We emphasize that our adaptation of Lagrangian mechanics does not use or depend on specific properties of the physical system being modeled. Therefore, this Lagrangian approach may be equally applied to non-physical systems. An example of such an application is presented as well.

 

Tzvi Scarr, JCT, Israel (joint work with Yaakov Friedman)

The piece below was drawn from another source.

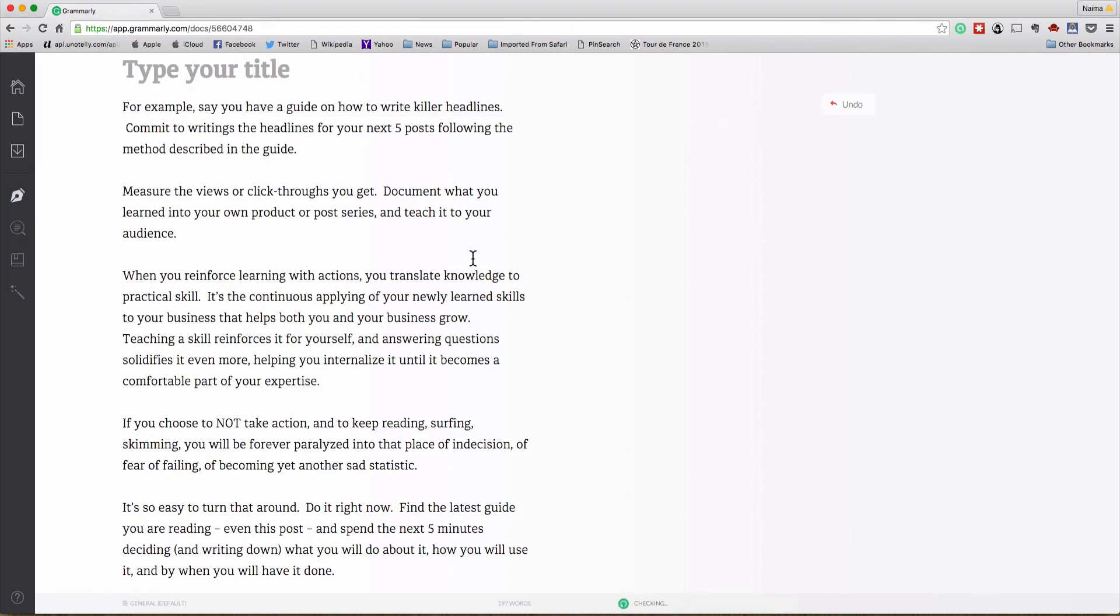So as you can see Grammarly is really really useful and it's fairly quick to use and you can use it from your browser once you've created an account. So between the two applications, Hemingway app and Grammarly, you've got two excellent tools that can help make sure that your writing is spot on.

Title: Relativistic Transformation for the Radius of a Rotating Disk

Abstract:  Based on the symmetries of a rotating system, we derive the general form of the relativistic spacetime transformations from a rotating system to an inertial one.  The explicit form of these transformations is derived rigorously, using only the basic tenets of Special Relativity and the methods of covariant uniform acceleration. There are no arbitrary assumptions, as in all previous theories. We show that the speed, with respect to an inertial frame, of a rest point in a rotating system of any size does not exceed the speed of light. This implies that special relativity does not impose a limitation on the size of a rotating object. We obtain global relativistic rotations. The horizon problem does not arise. We show how to synchronize clocks on a rotating disk, avoiding the time gap.

 

Roee Steiner, Ben Gurion University, Israel

Title: Dynamical Couplings in Gauge Theories and Relation to Confinement Mechanisms

Abstract: By using a variation of the gauge procedure which employs a scalar gauge field, B(x), in addition to the usual vector gauge field Au(x), we can couple abelian gauge fields to currents which allow dynamical coupling constants, which could depend, for example, on the local value of a scalar field. In the simplest realization of these models, such theories naturally lead to a confinement of charge inside bags, where the charge current is confined inside Bags via MIT Bag model boundary conditions. Other formulations allow the possibility of gauge invariant formulation of dynamical couplings, for example, time-dependent fine structure constant, without associated confinement mechanisms.

 

 

Ezra Yudkin, JCT, Israel (joint work with Yaakov Friedman)

Title: Testing Einstein's time dilation and clock hypothesis

Abstract: Einstein's time dilation may be tested by the Transverse Doppler shift. Similarly, the Clock Hypothesis can be tested by a Doppler shift due to acceleration. Mossbauer spectroscopy with a rotating absorber can be used to test such shifts. We explain the need of a Synchrotron Mossbauer Source for such an experiment. We present the results of the HC-1361 experiment performed at ESRF to study the Mossbauer spectra of a rotating absorber, and propose a method to test properly Einstein's time dilation and clock hypothesis.